1 Introduction

WITH the development of computer vision, consumers are demanding greater and more vivid visual experiences. Due to the limitation of the image sensor, the dynamic range of an ordinary digital camera is far lower than the natural scene, the captured images often show regions that are “too bright” or “too dark” [1,2,3]. High dynamic range (HDR) imaging technology is designed to solve this problem [4,5,6,7]. In general, the existing HDRI methods can be divided into two categories: the tone mapping based method and the multi-exposure image fusion based method [8,9,10]. Tone mapping based methods require HDR image data acquisition in advance, and show HDR images on the low dynamic range (LDR) displays using tone mapping techniques [11,12,13,14]. The method based on multi-exposure fusion skips the step of acquiring HDR image data and yields a tone mapped-like fused image directly, therefore, it generally takes less time to depict a high dynamic range of images than the tone mapping method [15,16,17]. In this paper, we achieve HDRI based on multi-exposure image fusion algorithm by merging multiple image sequences with different exposures.

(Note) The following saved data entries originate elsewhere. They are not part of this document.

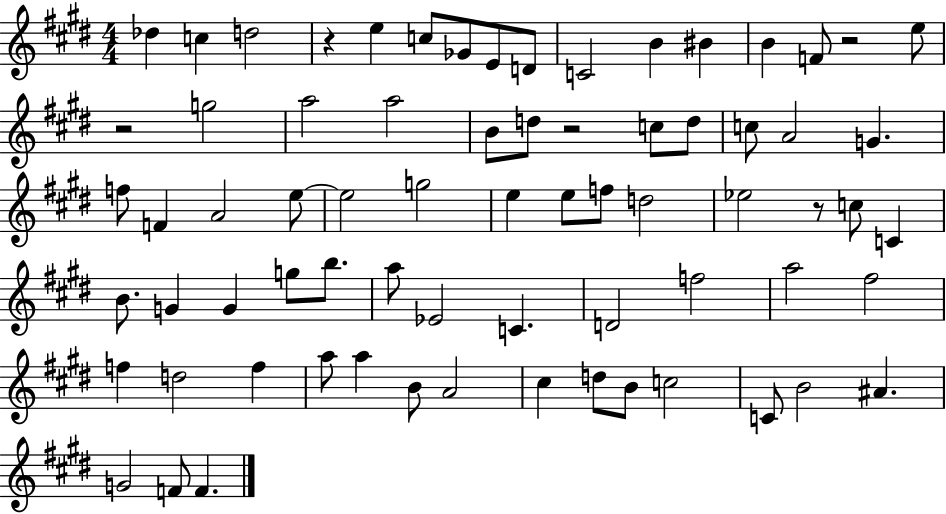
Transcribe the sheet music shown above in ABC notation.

X:1
T:Untitled
M:4/4
L:1/4
K:E
_d c d2 z e c/2 _G/2 E/2 D/2 C2 B ^B B F/2 z2 e/2 z2 g2 a2 a2 B/2 d/2 z2 c/2 d/2 c/2 A2 G f/2 F A2 e/2 e2 g2 e e/2 f/2 d2 _e2 z/2 c/2 C B/2 G G g/2 b/2 a/2 _E2 C D2 f2 a2 ^f2 f d2 f a/2 a B/2 A2 ^c d/2 B/2 c2 C/2 B2 ^A G2 F/2 F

The primary goal of the multi-exposure fusion algorithm is to show a high dynamic range (HDR) target scene in a LDR image [18]. In recent years, many researchers have investigated multi-exposure fusion algorithms. Mertens et al. [19] proposed a multi-exposure image fusion algorithm based on the pyramid decomposition, i.e., Laplacian pyramids of LDR images and Gaussian pyramids of weight maps consist of contrast, saturation and well-exposedness, but at the cost of local information of the detail and context. Li et al. [20] proposed an image fusion algorithm with on guided filtering. It divided input image into base layer and detail layer, and guided filtering was used to construct weight map. This method could preserve local detail information well. Ma et al. [21] proposed a multi-exposure fusion method based on structural patch decomposition. While it could preserve a good global contrast, halo artifacts occur in regions with large differences in intensity values. In addition, Kou et al. [22] proposed a gradient domain multi-scale exposure fusion algorithm based on weighted guided image filtering.

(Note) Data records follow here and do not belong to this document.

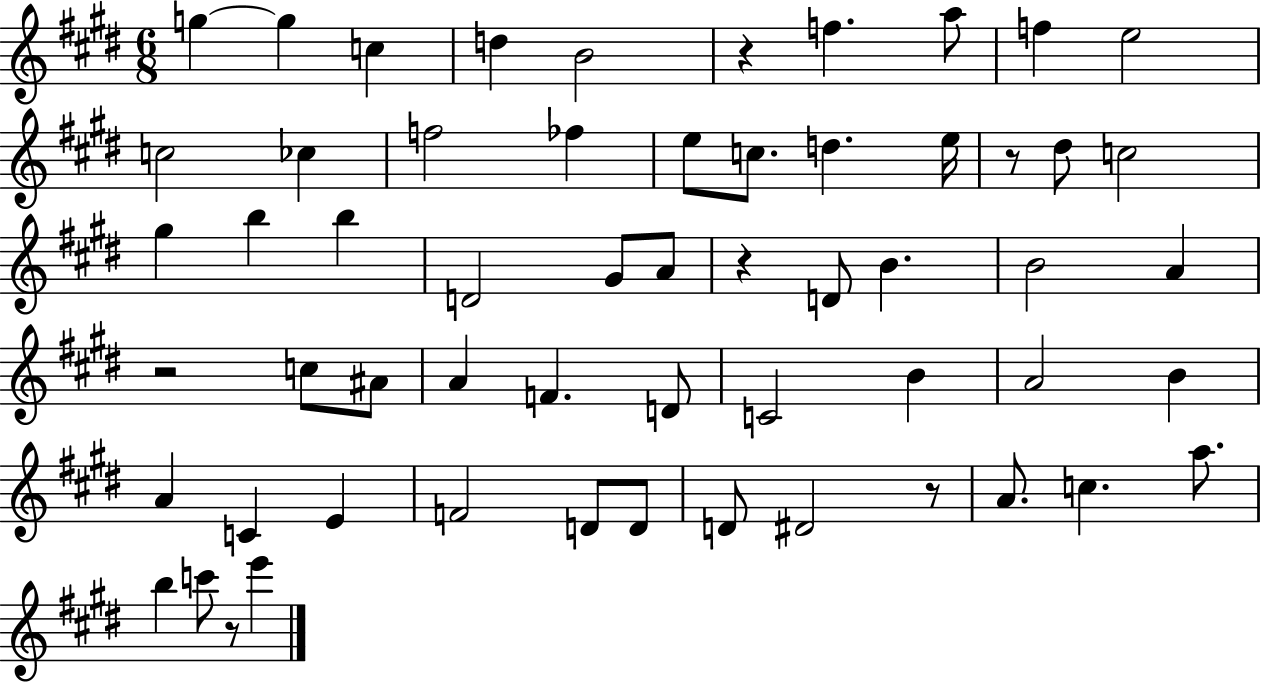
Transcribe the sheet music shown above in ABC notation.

X:1
T:Untitled
M:6/8
L:1/4
K:E
g g c d B2 z f a/2 f e2 c2 _c f2 _f e/2 c/2 d e/4 z/2 ^d/2 c2 ^g b b D2 ^G/2 A/2 z D/2 B B2 A z2 c/2 ^A/2 A F D/2 C2 B A2 B A C E F2 D/2 D/2 D/2 ^D2 z/2 A/2 c a/2 b c'/2 z/2 e'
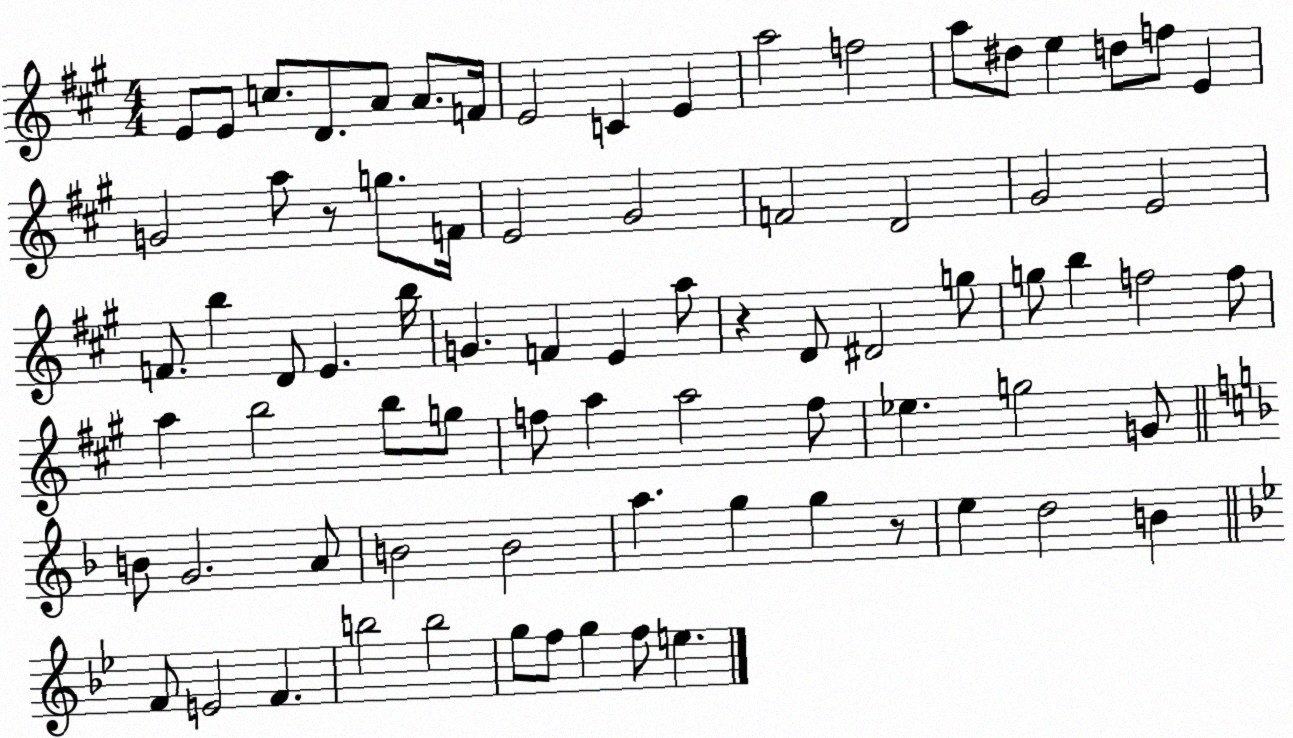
X:1
T:Untitled
M:4/4
L:1/4
K:A
E/2 E/2 c/2 D/2 A/2 A/2 F/4 E2 C E a2 f2 a/2 ^d/2 e d/2 f/2 E G2 a/2 z/2 g/2 F/4 E2 ^G2 F2 D2 ^G2 E2 F/2 b D/2 E b/4 G F E a/2 z D/2 ^D2 g/2 g/2 b f2 f/2 a b2 b/2 g/2 f/2 a a2 f/2 _e g2 G/2 B/2 G2 A/2 B2 B2 a g g z/2 e d2 B F/2 E2 F b2 b2 g/2 f/2 g f/2 e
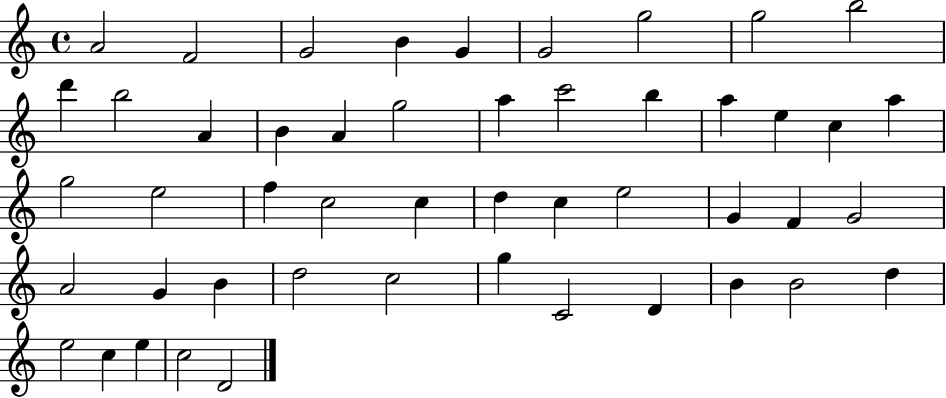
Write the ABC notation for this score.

X:1
T:Untitled
M:4/4
L:1/4
K:C
A2 F2 G2 B G G2 g2 g2 b2 d' b2 A B A g2 a c'2 b a e c a g2 e2 f c2 c d c e2 G F G2 A2 G B d2 c2 g C2 D B B2 d e2 c e c2 D2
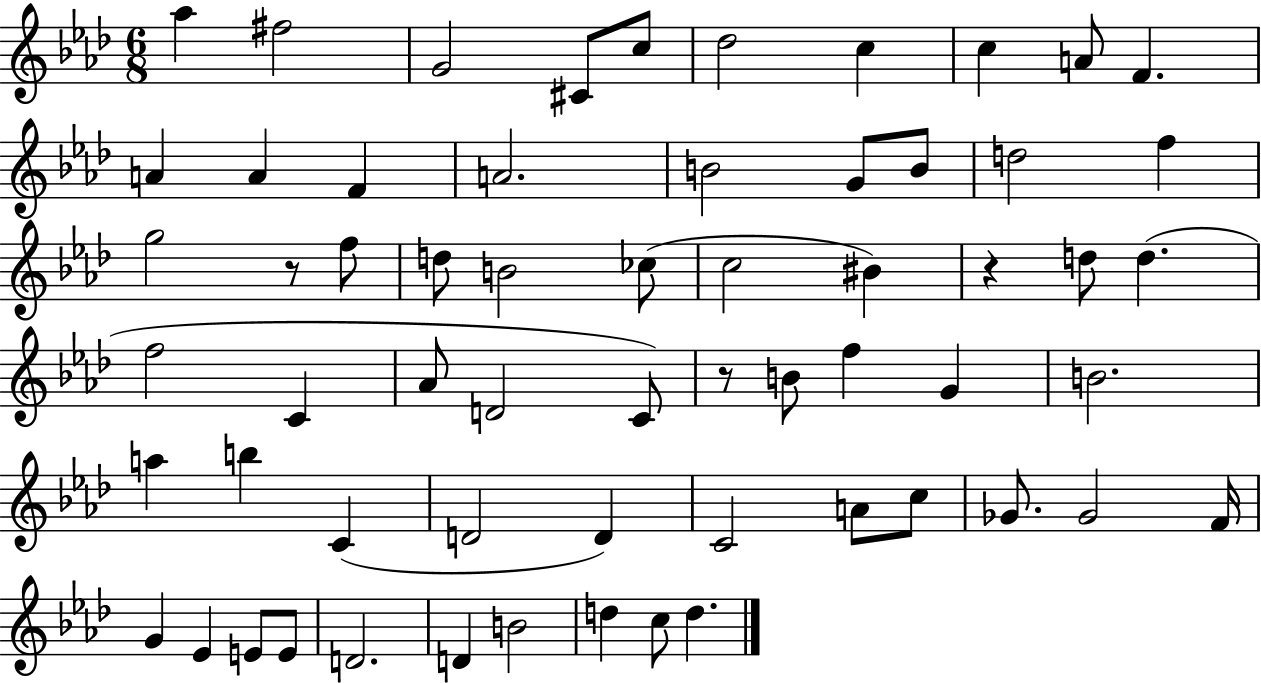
{
  \clef treble
  \numericTimeSignature
  \time 6/8
  \key aes \major
  aes''4 fis''2 | g'2 cis'8 c''8 | des''2 c''4 | c''4 a'8 f'4. | \break a'4 a'4 f'4 | a'2. | b'2 g'8 b'8 | d''2 f''4 | \break g''2 r8 f''8 | d''8 b'2 ces''8( | c''2 bis'4) | r4 d''8 d''4.( | \break f''2 c'4 | aes'8 d'2 c'8) | r8 b'8 f''4 g'4 | b'2. | \break a''4 b''4 c'4( | d'2 d'4) | c'2 a'8 c''8 | ges'8. ges'2 f'16 | \break g'4 ees'4 e'8 e'8 | d'2. | d'4 b'2 | d''4 c''8 d''4. | \break \bar "|."
}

Ma et al. [23] proposed a low-resolution version of the input sequence to the full convolutional network for weight map prediction. Then, use a guided filter to jointly up-sample the weight map. The final image is calculated by weighted fusion. Compared with the algorithm in this paper, Algorithm proposed by Ma has higher time efficiency. The algorithm in this paper enhances the scale details of the image detail layer and the base layer separately, so it takes more time, but the image detail fusion is clearer. Li et al. [24] proposed a new multi-scale exposure fusion algorithm which smooths the Gaussian pyramid of the weight map of all LDR images by using weighted guided image filters. And the detail extraction component of the proposed fusion algorithm is designed to enhance the fusion image details. The algorithm in this paper decomposes the image into a base layer and a detail layer, and performs multi-scale fusion on the base layer and the detail layer. At the same time of multi-scale fusion, the corresponding detail enhancement algorithm is proposed to enhance the detail layer details and retain the basic layer image structure. Compared with the Algorithm proposed by Ma, the fusion image detail information of the algorithm in this paper retains more.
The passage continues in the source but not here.